* Work order: Aside from the pictures, copy the listing exactly.

* Provided material:
Segment Open
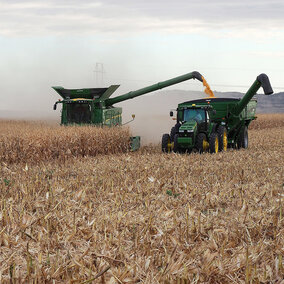 Combine and grain truck harvest corn field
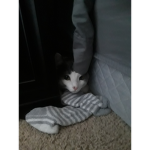 My kitty is so cute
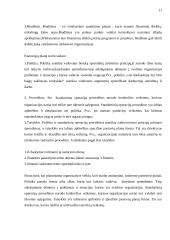 Planavimo proceso analizė organizacijoje 11 puslapis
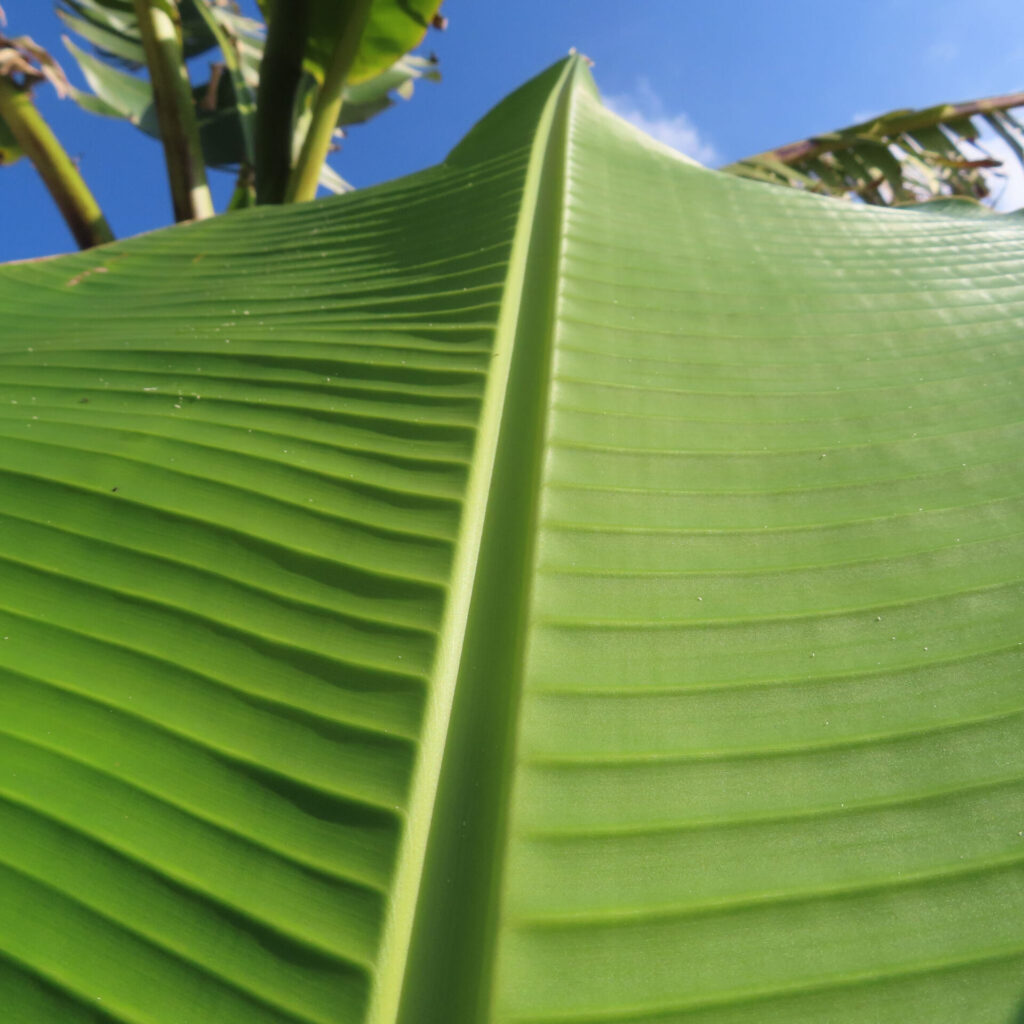 バショウの大きな葉を見上げる構図の接写写真(鮮やかな緑と青空)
Segment Closed
* Final answer:
 Combine and grain truck harvest corn field
 My kitty is so cute
 Planavimo proceso analizė organizacijoje 11 puslapis
 バショウの大きな葉を見上げる構図の接写写真(鮮やかな緑と青空)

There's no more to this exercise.